Toutefois est épargné le quartier de Belém, situé plus en amont sur l'estuaire du Tage. De là partirent les grands explorateurs du XVe siècle tel Vasco de Gama. Le monastère majestueux des Hiéronymites et la tour de Belém, construite en 1515 par le roi Manuel 1er, figurent parmi les rescapés.

Le tremblement de terre est ressenti dans toute l'Europe, entraînant des oscillations jusque dans les lochs écossais et les lacs suisses.

Secousses intellectuelles

Les religieux, les prédicateurs et les philosophes, tels Voltaire et Rousseau, y voient l'occasion de débattre de la miséricorde divine et des mérites de la civilisation urbaine.

Voltaire prend prétexte du tremblement de terre pour tourner en dérision l'optimisme de l'illustre savant et penseur Gottfried Wilhelm Leibniz, né à Leipzig en 1646, mort à Hanovre en 1716.

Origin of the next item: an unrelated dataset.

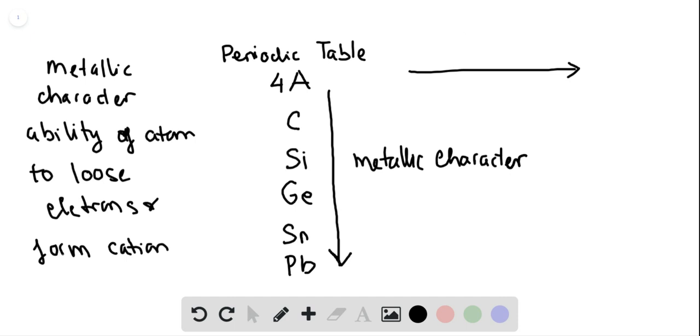Now, when you go from the left to the right of a periodic table, the ability to lose electrons actually will decrease, so the metallic character will decrease.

Le «philosophe» français se fend d'un conte brillant, Candide, où il tourne en dérision les espoirs que plaçait Leibniz dans la science et la connaissance comme moyens de faire progresser l'ensemble de l'humanité. Il moque tout autant les religieux qui invoquent la soumission à la volonté divine.

Quant à lui, il s'en tient à glorifier la «civilisation» qui apporte aux élites, dont lui-même, des douceurs telles que chocolat, sucre, café, soieries,... Il prône la quête du mieux-être individuel dans l'indifférence au reste du monde («Cultivons notre jardin», dit avec résignation le philosophe Pangloss, à la fin du conte Candide).

Mais ses contemporains se montrent dans l'ensemble plus perspicaces. Ils voient dans le tremblement de terre de Lisbonne un motif d'accélérer les recherches pour comprendre et maîtriser les phénomènes naturels. Ils placent leur confiance dans le «progrès».

Melho de Carvalho, marquis de Pombal Pragmatique, le ministre marquis de Pombal, homme fort du Portugal, lance une enquête dans tout le pays sur les indices avant-coureurs du séisme. C'est la première fois que l'on tente une explication scientifique des tremblements de terre.

Il entreprend aussitôt la reconstruction des quartiers sinistrés selon l'esprit rationnel des Lumières, avec des rues à angles droits et des constructions sobres.

Sur les bords du Tage, le palais royal, détruit, est remplacé par la monumentale place du Commerce.
 

Commentaire : vie et mort du progrès

Le philosophe Michel Serres voit dans le tremblement de terre de Lisbonne la naissance du «scientisme», un mouvement de pensée qui culminera au XIXe siècle et s'étiolera à la fin du XXe siècle avec la montée des craintes face aux excès de la technologie (*).

En 1842, après l'accident de chemin de fer de Meudon, les élites renouvellent leur confiance dans le progrès en dignes héritiers des «Lumières».

Aujourd'hui, les élites européennes invoquent à tout propos cette «philosophie des Lumières»... mais elles ont tourné le dos à la foi dans le progrès qui en est la caractéristique dominante.

Effrayées par l'emballement des innovations technologiques et les désastres causés à l'environnement par une croissance économique éperdue, elles doutent de l'avenir comme du passé, dans lequel elles ne voient que motifs de repentance et de contrition.

Elles s'en tiennent à une gestion désabusée du présent et cultivent l'individualisme jusqu'à la nausée (contestation des références morales anciennes, refus d'assumer les contraintes liées à la fondation d'une famille,...).